Не менее эффективной оказывалась манипуляция самим объектом, использование его культурной истории (или ее отсутствия) для выражения конкретной политической позиции.
Показательно, например, каким образом представление об исключительной знаковости топографии Московского Кремля могло оказаться существенным фактором в политических баталиях эпохи дворцовых переворотов. В сложный период борьбы с попытками «верховников» ограничить самодержавную власть зимой 1730 года будущая императрица Анна Иоанновна виртуозно разыграла эту «кремлевскую карту». После приезда из Курляндии в Москву она остановилась в Кремлевском дворце, где оставалась вплоть до коронации. Именно здесь, в Кремле, 23 февраля 1730 года во время службы в Успенском соборе она наградила орденом Св. Екатерины свою сестру Екатерину Мекленбургскую, указав таким образом на возможное развитие идеи преемственности власти. Кремлевские соборы стали местом принесения Анне присяги высшими военными и статскими чинами, в Кремлевском дворце гвардейцы подали будущей императрице прошение о восстановлении самодержавия, и, наконец, 26 февраля 1730 года в Столовой палате Теремного дворца состоялась процедура подписания «общественностью» манифеста о «принятии самодержавства»[199]. Лишь после коронации императрица перебралась в более просторный и, несомненно, более удобный для нужд двора Головинский дворец[200]. Очевидно, что, если бы переезд состоялся раньше (или Анна с самого начала поселилась на Яузе), события могли принять совершенно иной оборот.

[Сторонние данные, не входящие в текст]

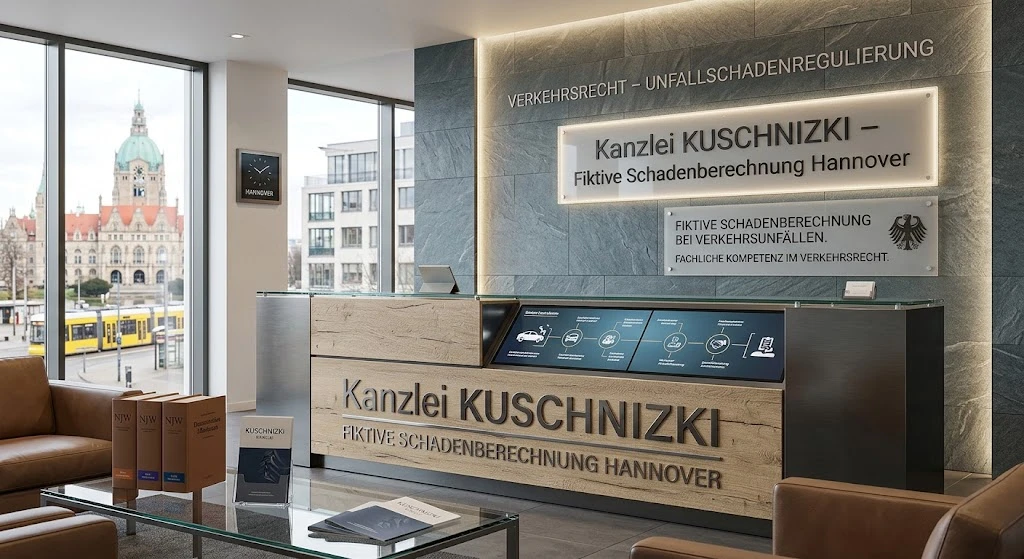 Fiktive Schadensabrechnung beim Verkehrsunfall &ndash; Kanzlei KUSCHNIZKI Hannover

В полной мере использовала традицию символической топографии и Екатерина II. Показательна, например, попытка создания рядом с Царским Селом городка под названием София (с закладкой Софийского собора по образцу Константинопольского)[201] или формирование резиденции Пелла. При этом если в первом случае речь шла о так называемом Греческом проекте и внешнеполитических амбициях, то во втором – о династических интенциях. Пелла, мыза на реке Неве недалеко от Санкт-Петербурга, принадлежавшая некогда тайному советнику И.И. Неплюеву, была превращена Екатериной в резиденцию, символическое значение которой не стоит недооценивать. Появившееся здесь после рождения великого князя Александра Павловича и обращенное символически именно к фигуре внука и возможного наследника императрицы дворцовое сооружение (И.Е. Старов, 1785–1789) было грандиозным по своему замыслу и восходило к образу древнемакедонской Пеллы, месту рождения Александра Македонского (Великого)[202].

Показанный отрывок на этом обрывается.